Assignment =>
For the data below, transcribe the part that opens with the line containing "Sunflower Seeds in" and closes with the line containing "Ein Schlafzimmer mit", exactly and with no pictures.
START Information provided
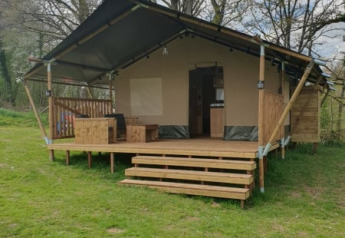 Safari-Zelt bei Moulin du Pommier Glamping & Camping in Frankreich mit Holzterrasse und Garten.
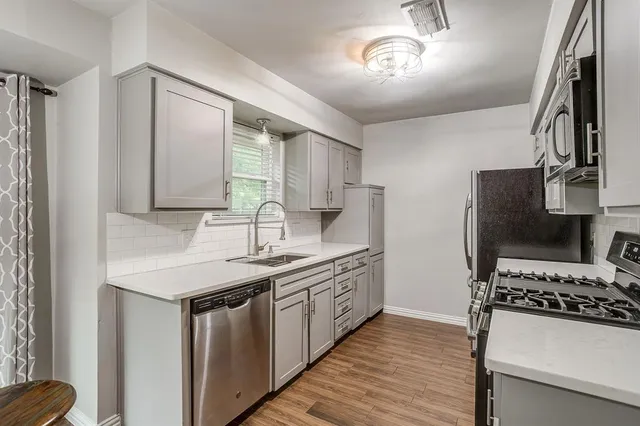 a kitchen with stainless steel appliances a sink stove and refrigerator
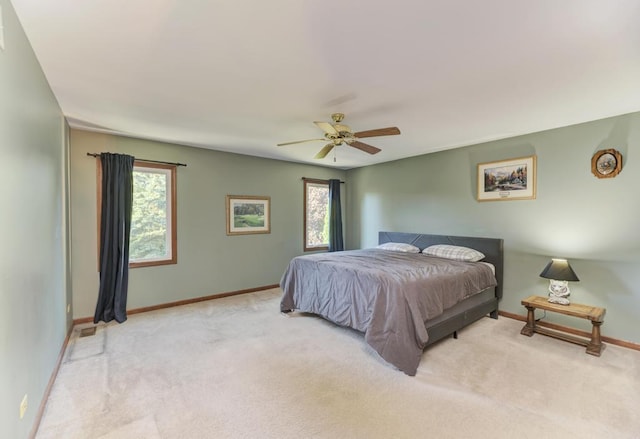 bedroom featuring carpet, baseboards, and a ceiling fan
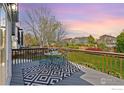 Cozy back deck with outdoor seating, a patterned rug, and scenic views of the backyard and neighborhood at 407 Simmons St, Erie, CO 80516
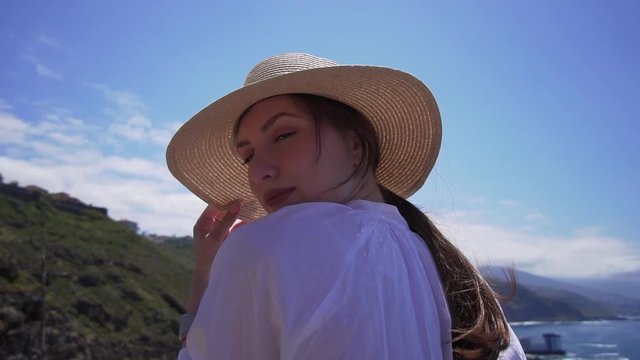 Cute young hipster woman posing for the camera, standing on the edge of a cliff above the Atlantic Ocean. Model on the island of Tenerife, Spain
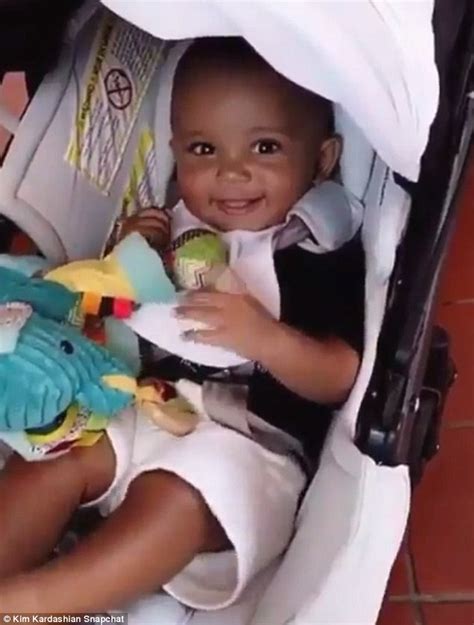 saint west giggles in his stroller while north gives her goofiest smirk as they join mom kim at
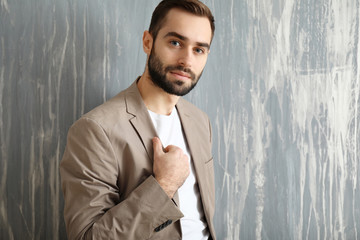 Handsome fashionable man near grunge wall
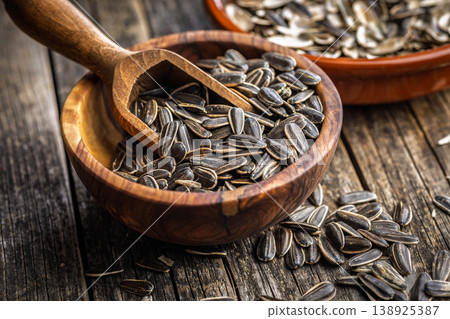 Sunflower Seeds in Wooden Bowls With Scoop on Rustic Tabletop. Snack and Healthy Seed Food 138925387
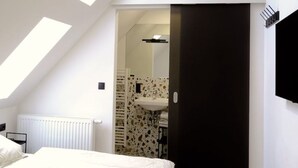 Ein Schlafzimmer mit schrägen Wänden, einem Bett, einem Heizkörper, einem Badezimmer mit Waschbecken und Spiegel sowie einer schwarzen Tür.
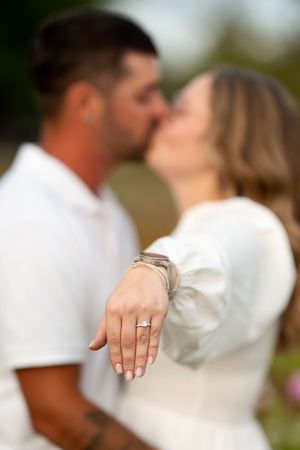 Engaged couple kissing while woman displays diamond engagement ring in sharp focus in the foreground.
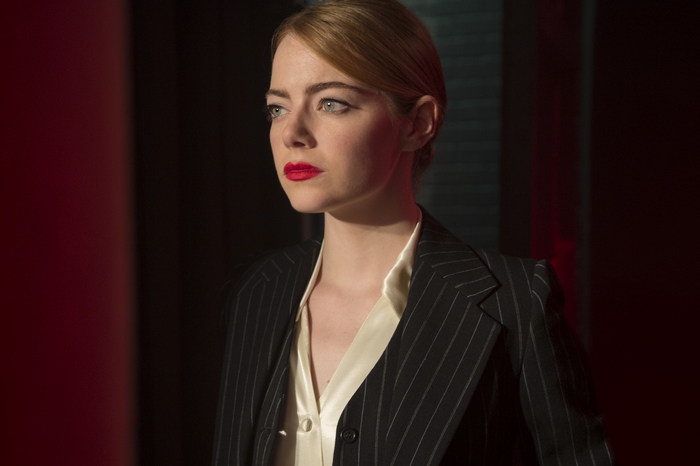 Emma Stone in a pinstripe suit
END Information provided
START Information provided
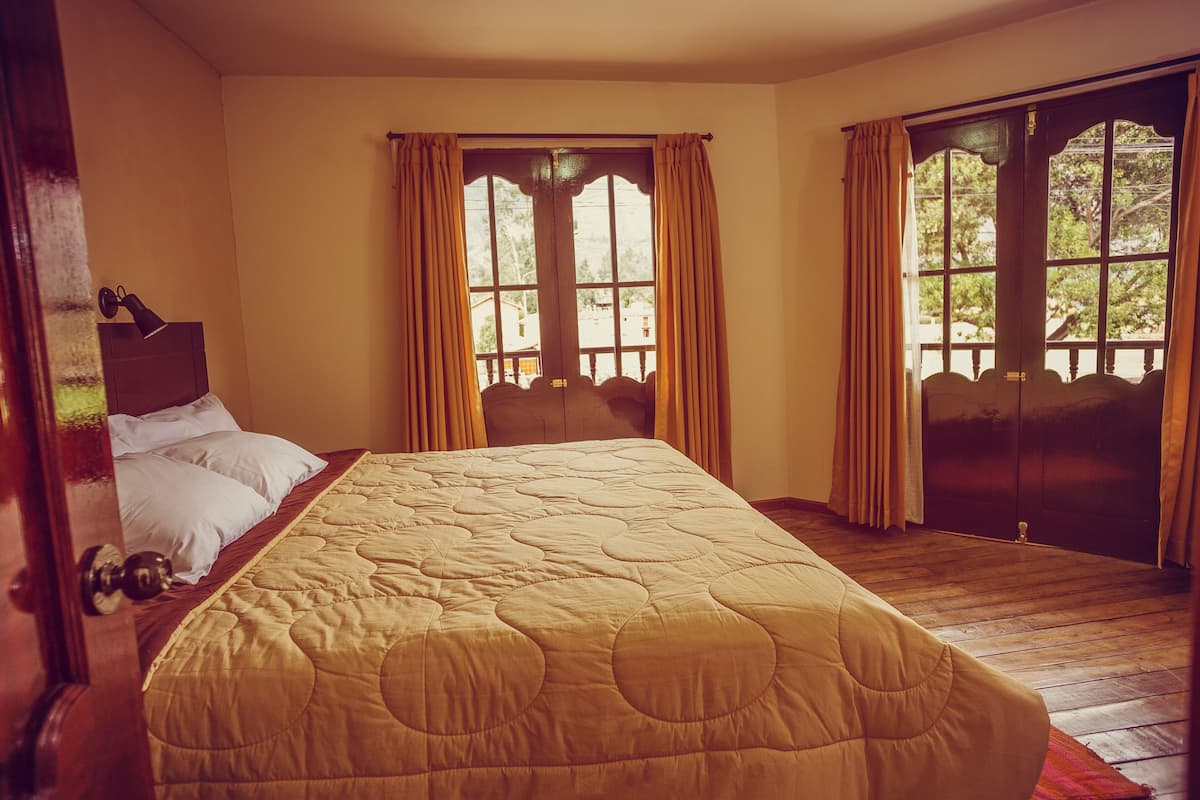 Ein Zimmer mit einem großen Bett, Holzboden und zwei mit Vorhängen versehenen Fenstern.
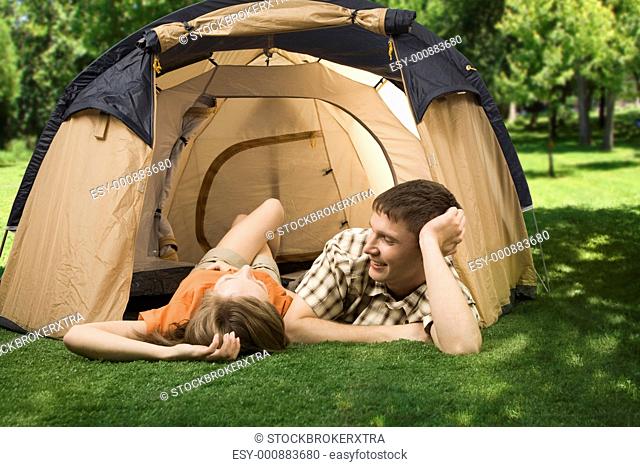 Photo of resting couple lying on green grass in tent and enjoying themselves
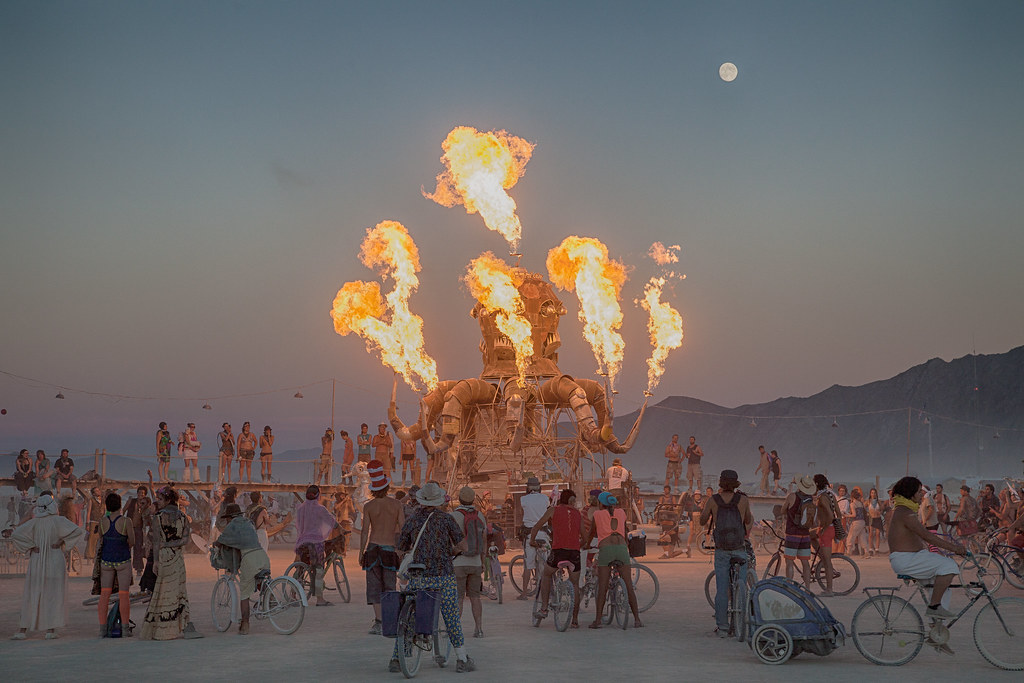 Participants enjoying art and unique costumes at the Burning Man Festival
END Information provided
Exercise solution =>
 Sunflower Seeds in Wooden Bowls With Scoop on Rustic Tabletop. Snack and Healthy Seed Food 138925387
 Ein Schlafzimmer mit schrägen Wänden, einem Bett, einem Heizkörper, einem Badezimmer mit Waschbecken und Spiegel sowie einer schwarzen Tür.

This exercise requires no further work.